Inside Man is a box office success for Lee, but is it also a genuine artistic success, or has it come at some cost? Does it depart from what is signified by a Spike Lee Joint? In a surprise twist, The Numbers puts Inside Man in the genre Breaking the Fourth Wall. Breaking the fourth wall has been a consistent feature of Spike Lee films since She's Gotta Have It, but in varied permutations and, I think, with increasing subtlety. For instance in 25th Hour Monty's (Ed Norton's) angry confrontation with his own reflection in a mirror sets up a montage sequence that functions to break the fourth wall--but there's a disconnect between faces staring directly into the camera and the voiceover narration, though both in their way are attempting to speak directly to the audience about a reality "outside" the film. It won't be a spoiler to say that Inside Man doesn't end with Denzel Washington yelling "Wake Up! Wake Up!"-- Laurence Fishburne's impassioned call at the end of School Daze, which has cropped up once or twice in other Spike Lee movies. In fact the ending to Inside Man is deceptively sleepy. But breaking the fourth wall frames the movie throughout, most obviously through Clive Owen's narration, which is parallel with the series of hostage interviews. More subversively, the fourth wall is broken in the way the child's ultraviolent video game is presented as a sort of play within the play. (I don't exactly recall all the angles on that scene, but it would be interesting to see it again and compare the angles on the safe deposit box scene and some others. For some reason Hitchcock's The Wrong Man sticks in my brain.) Clive Owen's commentary, meant for us in the audience, is delivered sotto voce, as are many statments in the film that may be taken as clues to the unfolding of the story, or as the director's indirect means of talking directly to viewers.


Inside Man. It's Spike Lee--with a twist.

posted by Fido the Yak at 4:30 AM.

6 Comments:

Blogger Reel Fanatic said...

Interesting take .. I must put myself firmly in the camp of people who love Spike but didn't care much at all for Inside Man .. now, perhaps, I know why

April 05, 2006 1:05 PM  
Blogger Fido the Yak said...

Me, I don't dislike it, but I'm still making up my mind about it.

Nice blog you have there, btw.

April 07, 2006 1:05 PM  
Blogger Mental Meanderings said...

I liked Inside Man. It was a film that neither condesended to me nor was gratuitous in its storytelling. Something that Spike Lee (like most other directors today) is always successful in doing.

What intrigued me most was a happenstance. I watched Inside Man and the Libertine on the same weekend. These are two good but very different films that use somewhat similar storytelling devices.

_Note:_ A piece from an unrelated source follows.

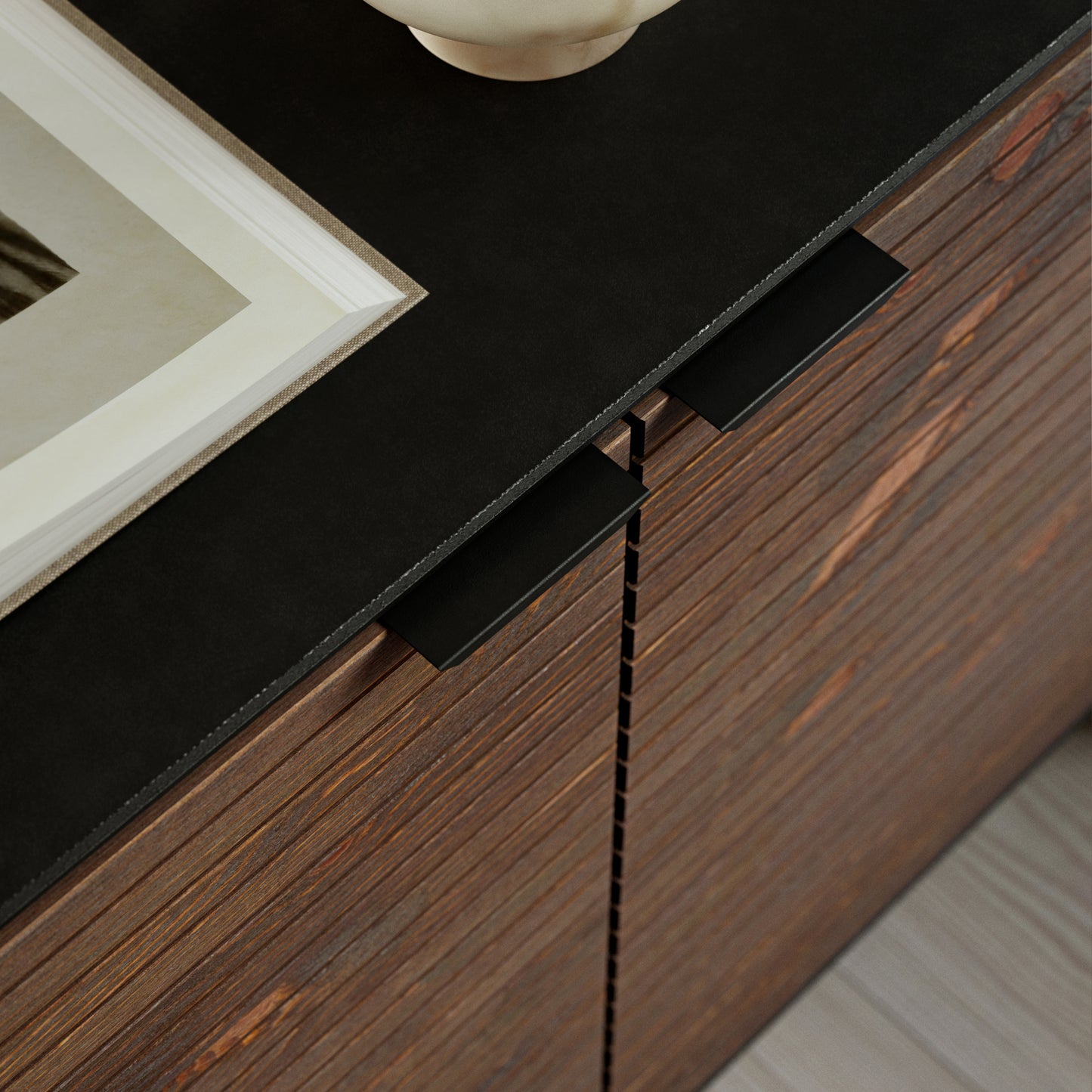 Soma TV Table 3 Doors in Granulated Black Brushed Espresso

In particular the opening and closing narrations. It was somewhat disconcerting to see Johnny Depp and Clive Owen in sync.

I loaned my brother a copy of 2046 and he commented afterwards that it was a French film disguised as a Chinese film.

April 13, 2006 8:23 AM  
Blogger Mental Meanderings said...

I nned to make an editorial comment. I left the word not our of the second sentence of the comment above. It somewhat changes the meaning of the sentence.

Sorry.

April 13, 2006 8:25 AM  
Blogger Fido the Yak said...

Hi, Ryan. Glad you meandered by.

Do you know that also lent me (actually Mrs. Yak) a copy of 2046? We bought our own copy when it was released in the US.

I was thinking 2046 is pretty French, a movie Gilles Deleuze would make if Deleuze made movies. 2047 is of course already a significant date in the history of Hong Kong--but I'm not quite sure how to read the film as a political allegory.

Haven't seen The Libertine. Since you say it's good, we'll have to check it out.

See you in New Orleans. We'll have to get together over some barbeque and talk movies.

April 13, 2006 8:18 PM  
Blogger Mental Meanderings said...

yes I did loan your wife 2046, though I am loathe to refer to her as Mrs. Yak. I will see you in New Orleans. Am looking forward to it.